John Stanley, C.J. and Banerji, J.

1. This suit was brought by the plaintiff to have it declared that two mortgages, one made by the widow of Charan Singh and the other by his mother, were made without legal necessity and wore void, and for possession and mesne profits. Charan Singh was the owner of the property in suit. After his death his mother Jai Kunwar was recorded as owner. On the 8th of January, 1877, the mother and the widow together hypothecated a share in the village Nawsnagir to Madan Gopal to secure a sum of Rs. 300. Madan Gopal sued upon his mortgage and obtained a decree, and at the auction sale Ishri Prasad, father of the defendants, purchased the property on the 23rd of August, 1892. Again, on the 7th of February, 1881, the same parties mortgaged a share in another village called Kajrauth to one Murli Dhar. On his death the name of Ishri Prasad was entered in respect of the mortgaged property. The mother of Charan Singh died many years ago. His widow Dan Kunwar died on the 17th of November, 1896. After her death the present suit was instituted by the present plaintiff claiming to be the representative of Charan Singh.

2. The defence to the suit was that the mortgage was made for legal necessity. The first Court held that the first mortgage was not made for any legal necessity, and in respect of the property comprised in that mortgage decree the plaintiff's claim. As regards the second mortgage, the first Court held that it was made for legal necessity to some extent, that is, that money to the amount of Rs. 282 was required to meet a legal necessity; that as regards the balance, there was no legal necessity for the loan, and accordingly gave a decree to the plaintiff for possession of the property comprised in the second mortgage subject to the payment of Rs. 282. Upon appeal the District Judge held on the evidence that both the mortgages were made to meet legal necessities.
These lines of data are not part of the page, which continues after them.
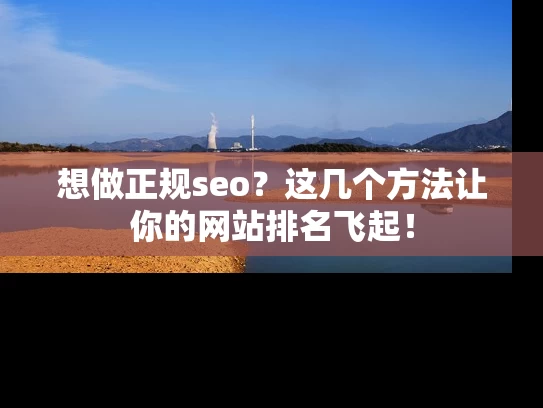想做正规seo？这几个方法让你的网站排名飞起！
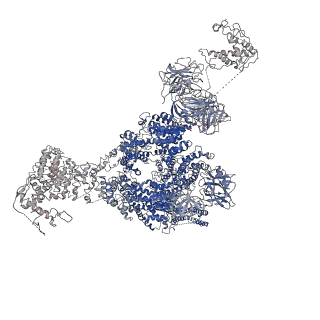 9880_6jrs_J_v1-3
Structure of RyR2 (*F/A/C/L-Ca2+/Ca2+-CaM dataset)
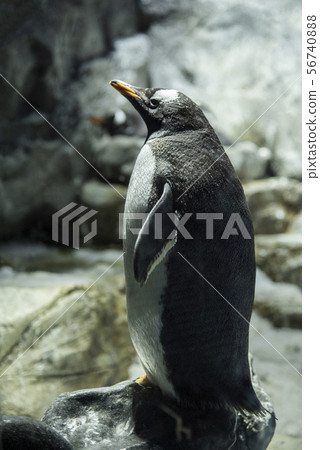 Crow Penguin 56740888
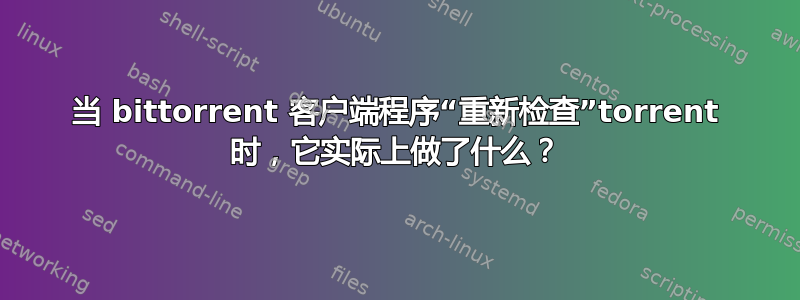 当 bittorrent 客户端程序“重新检查”torrent 时，它实际上做了什么？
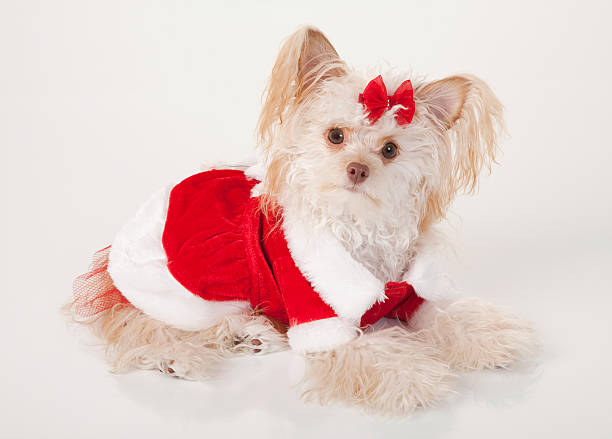 クリスマスサンタドレスを着て、子犬 - bow pets small velvet ストックフォトと画像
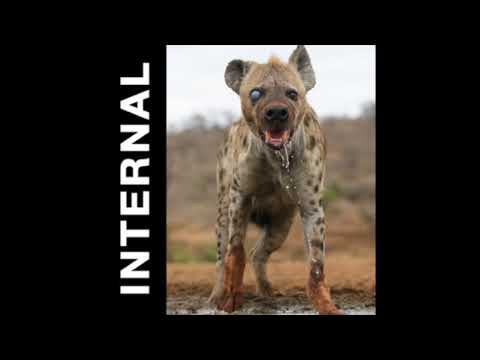 Internal (4) — Internal - Scrape [2020]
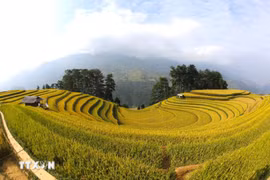 Mu Cang Chai, un tableau naturel aux teintes dorées impressionnantes
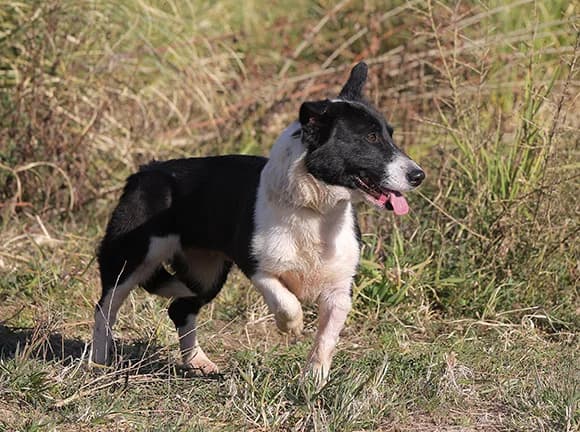 Patty, Branca e preta female Mixed Breed for adoption at Canil Municipal de Gaia (P.A.T.A.)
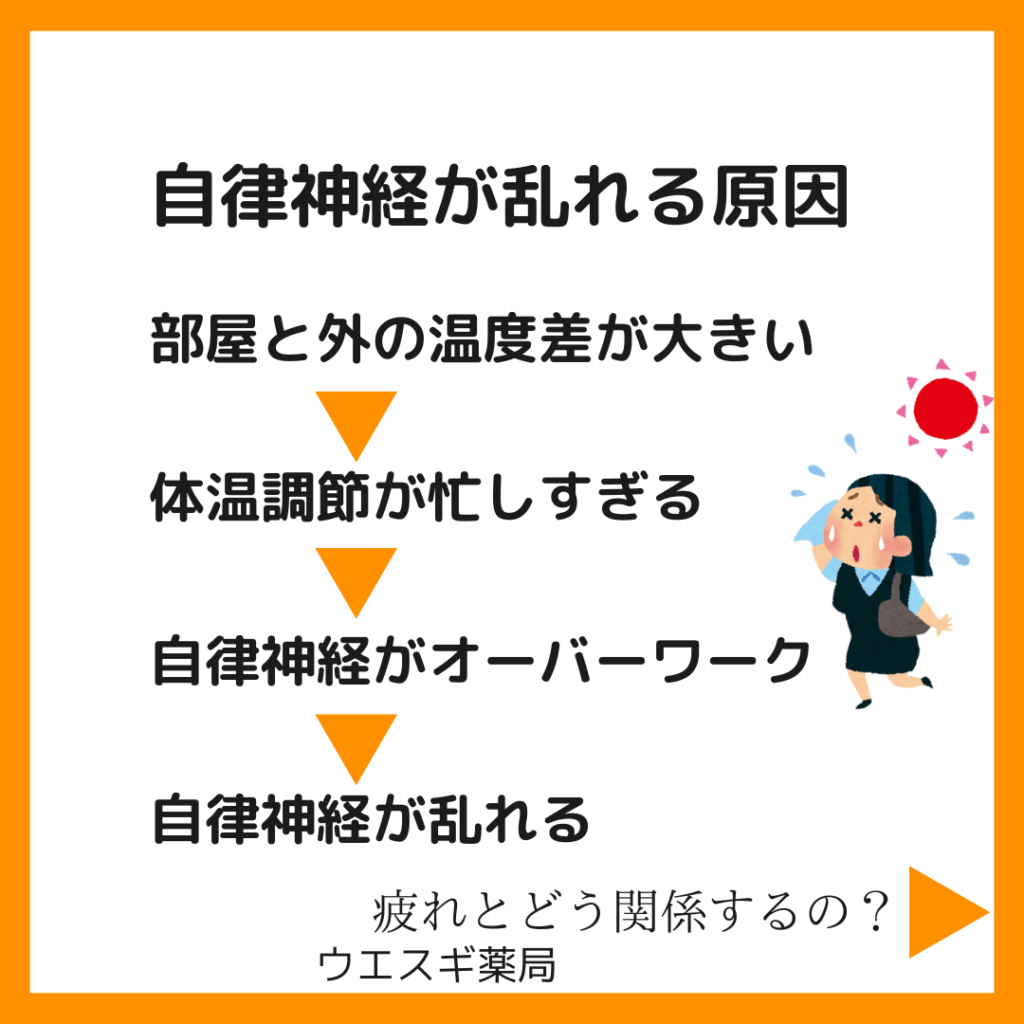 自律神経が乱れるわけ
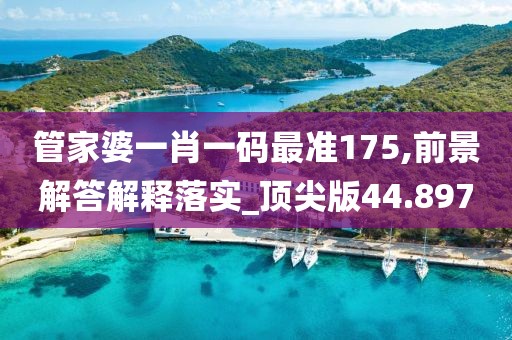 管家婆一肖一码最准175,前景解答解释落实_顶尖版44.897
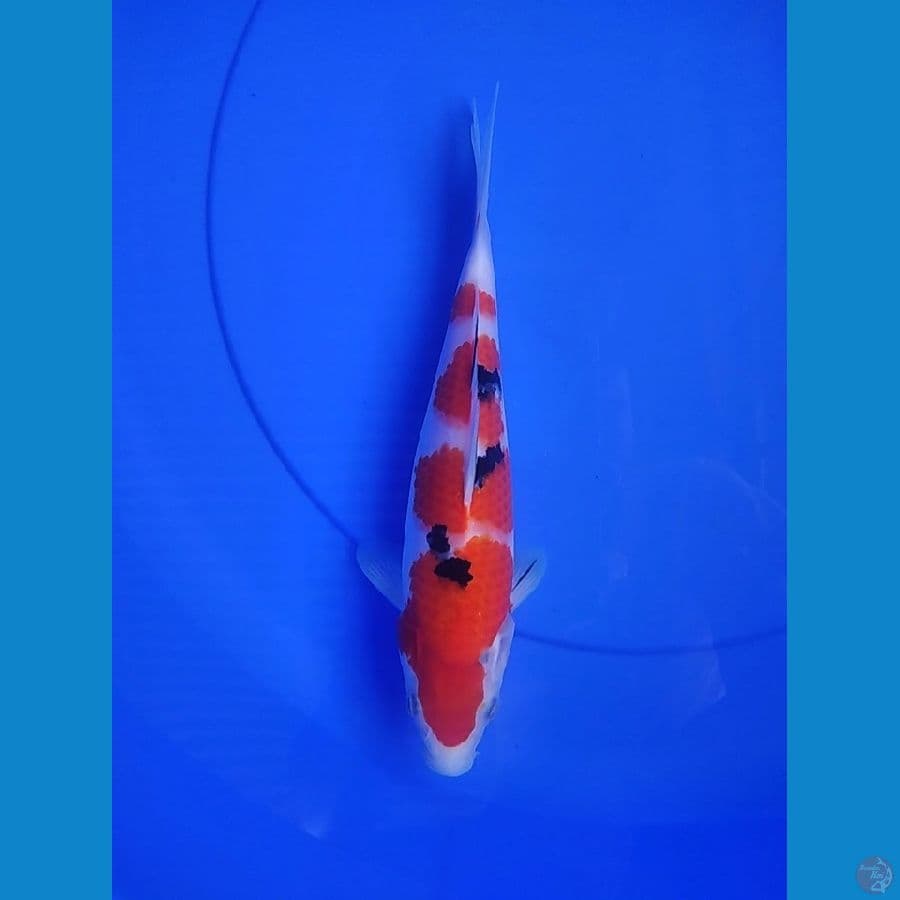 SANKE 27 CM HQ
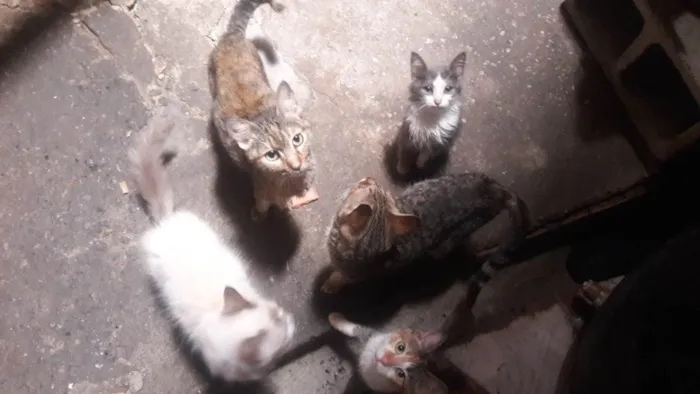 Gato ra a  idade 2 a 6 meses nome 8 Gatos (4 machos e 4 fêmeas)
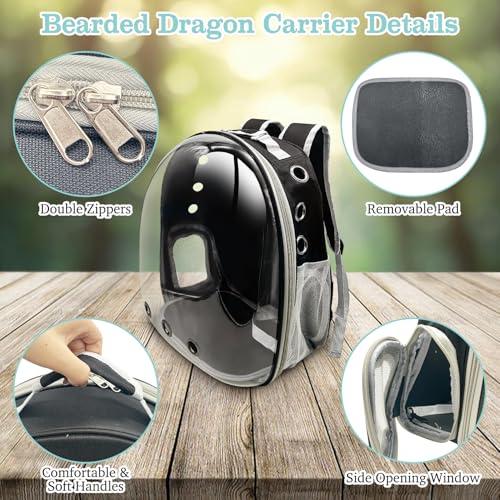 PINVNBY Bearded Dragon Carrier Backpack with Harness and Leash Set Large Reptile Travel Carrier Portable Lizard Backpack Clear Bubble Window Small Animal Carrying Bag for Gecko Kitten Rabbit (Black) - color: Black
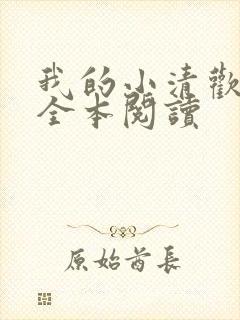 我的小清欢在线全本阅读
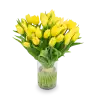 Kytice  tulipánů
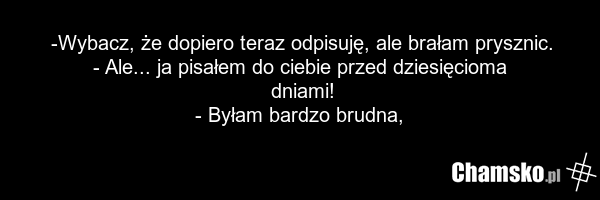 -Wybacz, że dopiero teraz odpisuję, ale brałam prysznic. - Ale... ja pisałem do ciebie przed dziesięcioma dniami! - Byłam bardzo brudna,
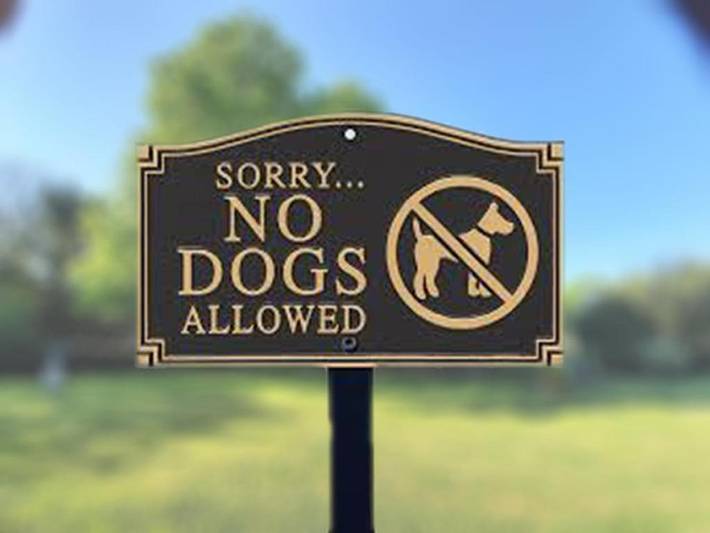 Location de vacances pour 12 personnes, avec piscine ainsi que vue et jardin à Chaniers - 2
In regard to the first mortgage, the money was required to meet Government revenue and partition expenses, and in the case of the second mortgage the money was required to meet partition expenses, Government revenue, moneys expended on a well, and in the purchase of seed. Accordingly so finding he has dismissed the plaintiff's claim with costs.

3. It is now contended before us by the learned pleader for the appellant that the District Judge ought to have found how much of the moneys advanced on foot of each mortgage were actually required to meet legal necessities. We are unable to follow him in this contention. If a mortgagee advances money after making proper inquiry for the purpose of ascertaining that the money is required for legal necessity, it is not incumbent on him to see that the money which he advances is applied to meet such legal necessity, nor is he, in our opinion, bound to ascertain that every pice of the money so advanced is actually required for a legal necessity. In the case of Amar Nath Sah v. Achan Kunwar (1892) I.L.R. 14 All. 420 their Lordships of the Privy Council observed that in order to sustain an alienation of property by a Hindu widow having a widow's estate, it must be shown that there was either a legal necessity for the alienation, or at least the grantee was led, on reasonable grounds, to believe that there was. There is nothing in their Lordships' judgment to suggest that there is any obligation on the lender in such a case to satisfy himself that the entire money which he is advancing is actually required for a legal necessity, provided he acts bond fide in the matter, and reasonably believes that the money is required to meet a legal necessity. This being our view the appeal fails and is dismissed with costs.